25th United States Deputy Secretary of Defense
- In office June 22, 1995 – July 15, 1997
- President: Bill Clinton
- Preceded by: John M. Deutch
- Succeeded by: John J. Hamre

Assistant Secretary of Defense for Logistics and Materiel Readiness
- In office May 11, 1977 – October 31, 1978
- President: Jimmy Carter
- Preceded by: Frank A. Shrontz
- Succeeded by: Robert B. Pirie, Jr.

Personal details
- Born: John Patrick White February 27, 1937 Syracuse, New York
- Died: September 3, 2017 (aged 80) Great Falls, Virginia
- Alma mater: Syracuse University (Ph.D.)

Military service
- Allegiance: United States
- Branch/service: United States Marine Corps
- Years of service: 1959–1961
- Rank: First Lieutenant

= John P. White =

American university professor and government official

John Patrick White (February 27, 1937 - September 3, 2017) was an American university professor, and a government official who served in the Clinton Administration.

==Life and career==
White was born in Syracuse, New York in 1937 and received his high school diploma from the Cathedral Academy there in 1955. He graduated from Cornell University in 1959 with a B.S. in industrial and labor relations. In 1964, White received an M.A. in economics and public administration from the Maxwell School of Citizenship and Public Affairs at Syracuse University, and in 1969 a Ph.D. in labor economics from there. His doctoral thesis was entitled The nature and extent of underemployment of the employed work force in U.S. manufacturing.

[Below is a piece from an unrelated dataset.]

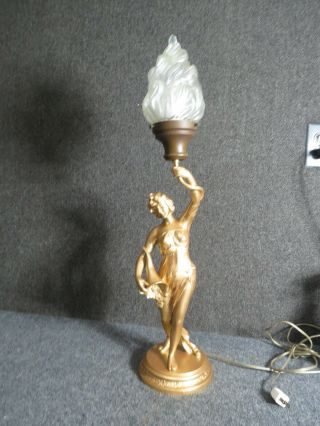 Antique Figural Art Nouveau Newel Post Lamp Woman With Flame Glass Shade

He served as the Deputy Secretary of Defense from 1995 to 1997, as deputy director of the Office of Management and Budget from 1978 to 1981, Assistant Secretary of Defense for Manpower, Reserve Affairs and Logistics from 1977 to 1978, and as a lieutenant in the United States Marine Corps from 1959 to 1961. He was twice awarded the Department of Defense Medal for Distinguished Public Service.

Prior to his most recent government service, he was the director of the Center for Business and Government at Harvard University and the chairman of the Commission on Roles and Missions of the Armed Forces.

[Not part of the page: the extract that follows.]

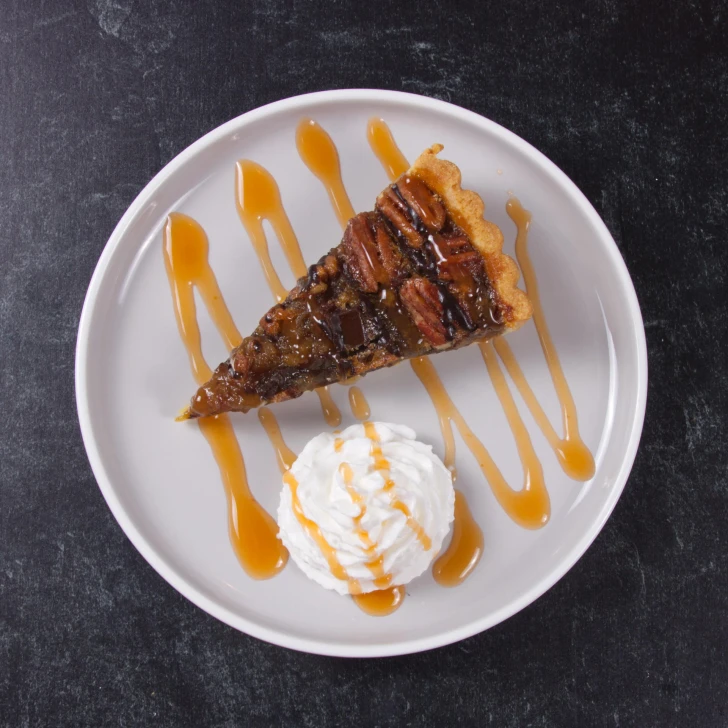 Chocolate pecan tart dessert close-up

His extensive private-sector experience included service as chairman and CEO of Interactive Systems Corporation from 1981 to 1988 and, following its sale to the Eastman Kodak Company in 1988, as general manager of the Integration and Systems Products Division and as a vice president of Kodak until 1992. In nine years with the RAND Corporation, he was the senior vice president for national security research programs and a member of the board of trustees. White was also a member of the Council on Foreign Relations.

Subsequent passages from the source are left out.